Back in Miami for less than a week I already found myself returning to the position of tour guide. One of the unique spots in South Florida is the Everglades. The river of grass that fights extinction from real estate developers and sugar cane farmers.

I sat in the passenger seat of the convertible as we went through Homestead to the Alligator Farm. It had been at least fifteen years since I’d been to this tourist attraction. We paid the exorbitant fee for admission and an airboat ride. Three airboat pilots came out after snorting some whiskey. They warned us to put headphones over our ears, a safety precaution not taken in the twentieth century.

 Our airboat was filled with Chinese tourists. As we slowly went out of the canal they showed no fear of the alligators swimming beneath us. I have surfed and swam when sharks treaded ten feet beneath me, but Jaws does not inspire the fear in me the thousand teeth of an alligator does. Something about their smile, I suppose, makes me weary. 

The airboat pilot turned the corner and kicked up the speed. White feathered egrets flew away from our trajectory. As far as you could see was water and sawgrass. A beauitful sight and thousands of miles of difference from arid Southern California. The pilot did a couple 360s splashing water throughout the vessel. I could have stayed on there forever, but after a few minutes we were taken back to the Alligator Farm. A couple snapping turtles’ shells were visible above the surface.

We walked around the grounds on this beautiful day and stared at the baby alligators with their sneaky smiles. They seemed happy in the knowledge that the age of the dinosaur might be gone but the age of the alligator was lurking in the future.

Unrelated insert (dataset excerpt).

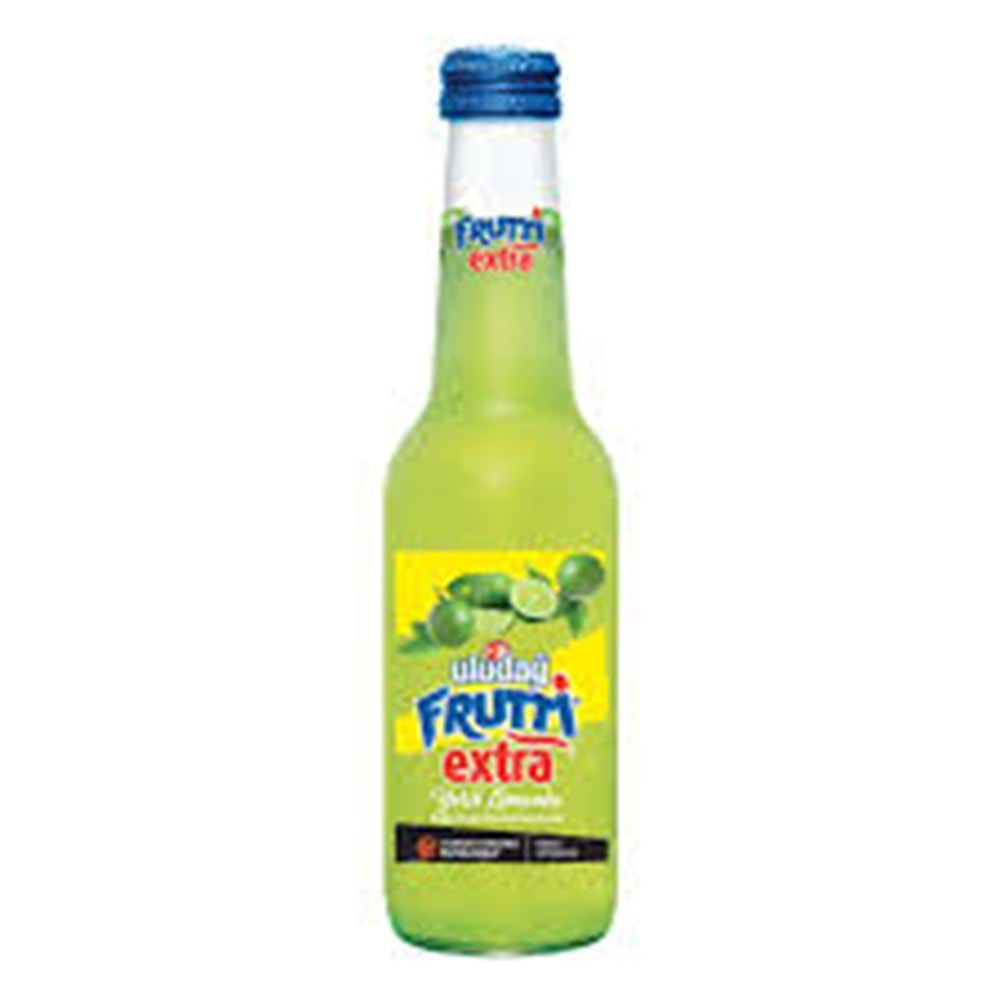 ULUDAĞ FRUTTİ YEŞİL LİMON 250ML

We waited around for a couple hours to see the alligator show. I thought there would be alligator wrestling similar to what I saw as a child where a drunk Miccosukee would be awakened to battle one of these ferocious alligators. This exhibition was more sensitive and less gladiatorially sensationalistic than my memories. The highlight of this event was when the woman teaching the audience about alligators asked everyone if they knew the difference between alligators and crocodiles.

Someone yelled, “Their mouths.”

“Yes, their snouts. Alligators have a short, stubby snout while crocodiles have long, pointy ones.”

The seventy year old guy in front of me made the Pablo Chiste honor roll by stage whispering to his wife, “They’re the Jewish ones.”

His wife didn’t find it funny, but I’m still laughing about that one. I might include that joke in future tours of South Florida. Book your spots now.